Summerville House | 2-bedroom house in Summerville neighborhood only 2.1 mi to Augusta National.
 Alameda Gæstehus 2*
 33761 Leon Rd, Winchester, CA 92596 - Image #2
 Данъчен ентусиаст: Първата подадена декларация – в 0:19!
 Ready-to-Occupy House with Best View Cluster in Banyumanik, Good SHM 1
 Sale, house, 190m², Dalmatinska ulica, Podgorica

_Your goal:_ Output all of the records, keeping every word exact.

_Task solution:_
Summerville House | 2-bedroom house in Summerville neighborhood only 2.1 mi to Augusta National.
 Alameda Gæstehus 2*
 33761 Leon Rd, Winchester, CA 92596 - Image #2
 Данъчен ентусиаст: Първата подадена декларация – в 0:19!
 Ready-to-Occupy House with Best View Cluster in Banyumanik, Good SHM 1
 Sale, house, 190m², Dalmatinska ulica, Podgorica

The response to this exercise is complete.